The Sweden Democrats, a former neo-Nazi party that ran a nearly single-issue campaign against racial and religious minorities, non-white immigrants and European integration, has been on the rise, capitalizing on angry Scandinavian responses to immigration and crime. On Sunday morning, it appeared poised to become the second-largest party in this prosperous country – the latest in a series of shocking returns across Europe for parties whose views would have been almost unmentionable a generation ago.

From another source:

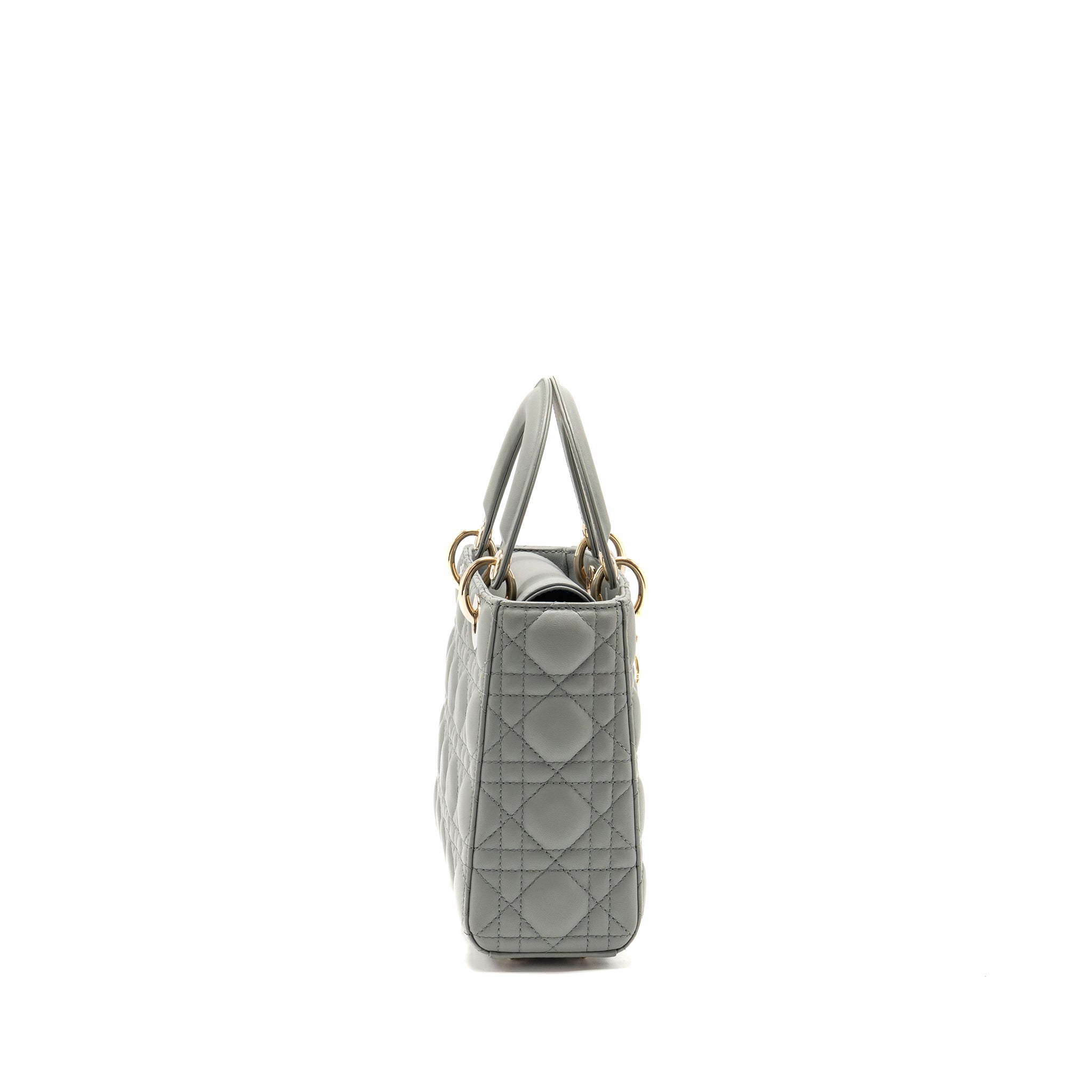 DIOR MY ABCDIOR SMALL LADY DIOR LAMBSKIN STONE GREY LGHW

Once votes were counted Sunday night, the threat appeared slightly less ominous: The Sweden Democrats remained in third place, capturing 17.6 per cent of the vote (and therefore, under proportional-representation rules, 62 seats in the 349-seat parliament), remaining outranked by the traditionally dominant Social Democrats (with 28.4 per cent, their lowest return in a century) and the centre-right Moderates (with 19.8 per cent) – both of which now control around 143 seats in their multiparty coalitions. That means that whoever governs Sweden will need to include at least one party from the opposing coalition, both having vowed never to govern alongside the Sweden Democrats. The coalition-formation negotiations are likely to take weeks.

But that 17.6 per cent still represents a 4.6 point rise over the Sweden Democrats’ 2014 results – making it one of many European race-hatred parties that has slowly increased power and clout over the last decade. In Hungary, Poland and Italy, parties of the far right now govern. And it means that Sweden now joins France and Denmark among countries where around a fifth of voters see nothing wrong with routinely casting a ballot for a party of intolerance.

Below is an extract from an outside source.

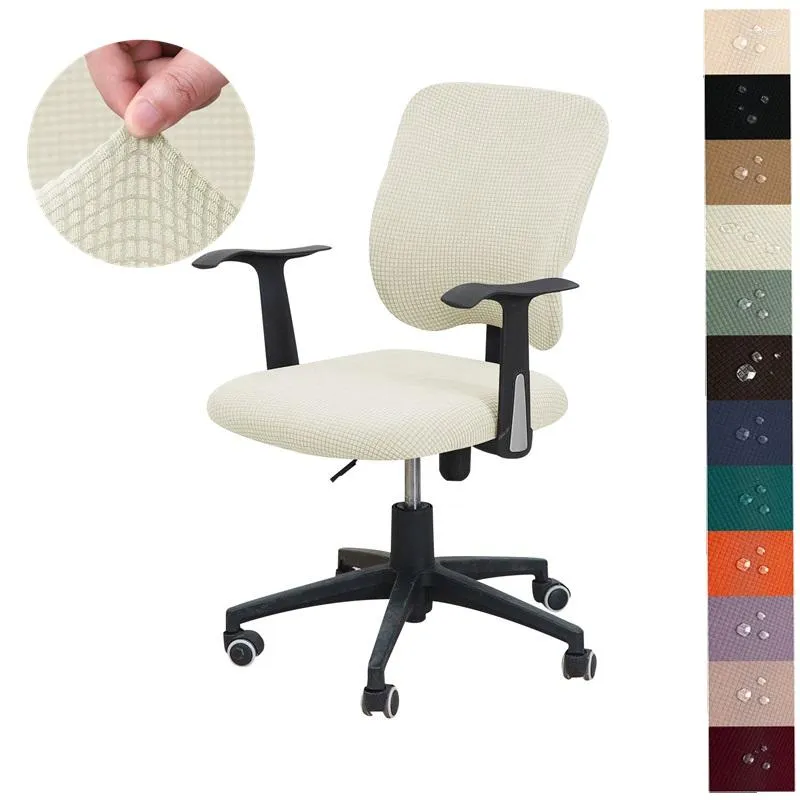 Chair Covers Elastic Office Seat Cover Solid Color Spandex Computer Slipcover Water Repellent Jacquard Desk Home Decor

That makes Sweden – a country experiencing an economic boom and low unemployment – a surprising test case for two dominant theories of what has happened to European politics.

One theory holds that far-right parties such as the Sweden Democrats are not so much profiting from the success of their own ideas, as they are products of the gradual decay and obsolescence of the Western world's big, monolithic moderate right and left-wing parties.

Until the end of the 1990s, most developed countries were dominated by two big parties, one social-democratic or liberal, the other moderately conservative. Until 1998, nearly 70 per cent of Swedes reliably voted for either the Social Democrats or the Moderates; that number drifted down to 60 per cent in the 2000s, to 54 per cent in 2014 – and on Sunday for the first time fell below half, to just more than 48 per cent.

It's not just far-right parties gaining from this fragmentation of the mainstream giants. Sunday's vote also saw support for Sweden's Left Party, a former fringe party with its roots in communism, increase to 7.9 per cent of the vote from 5.7 per cent in 2017 – an even larger rise than the Sweden Democrats. A number of other smaller parties also saw increases.

"Compared to the last election, most but not all smaller parties – Left Party, Christian Democrats, Centre and Liberal – are up a few points. This again points to fragmentation, a story playing out in many other democracies in Europe," said Matthew Goodwin, a political scientist with London’s Chatham House who studies the politics of right-wing populism. "The decline of social democracy in Europe continues."

The other theory holds that the surge in far-right support, in otherwise moderate countries such as Sweden, is a one-time response to current events – especially to the surge in migrants and refugee claimants who entered Europe in 2015 and 2016 amid the Syrian civil war. Sweden accepted more than 160,000 refugees during that period – far fewer than Germany's million-plus refugees, but a strain on Sweden, whose immigration system mainly relies on asylum (and does not permit refugees to work).

Sweden has also seen a rise in gang crime and rioting this year in its low-income housing projects – which, while only some of their residents are refugees and minorities, were easy for the Sweden Democrats to capitalize upon, backed by a tabloid media willing to demonize Muslims and Middle Easterners.

In this view, the Sweden Democrats and their ilk may have peaked. But the other theory holds that they will continue to grow, bolstered by a loss of faith in mainstream politics that's been underway for decades, even in comfortable Sweden.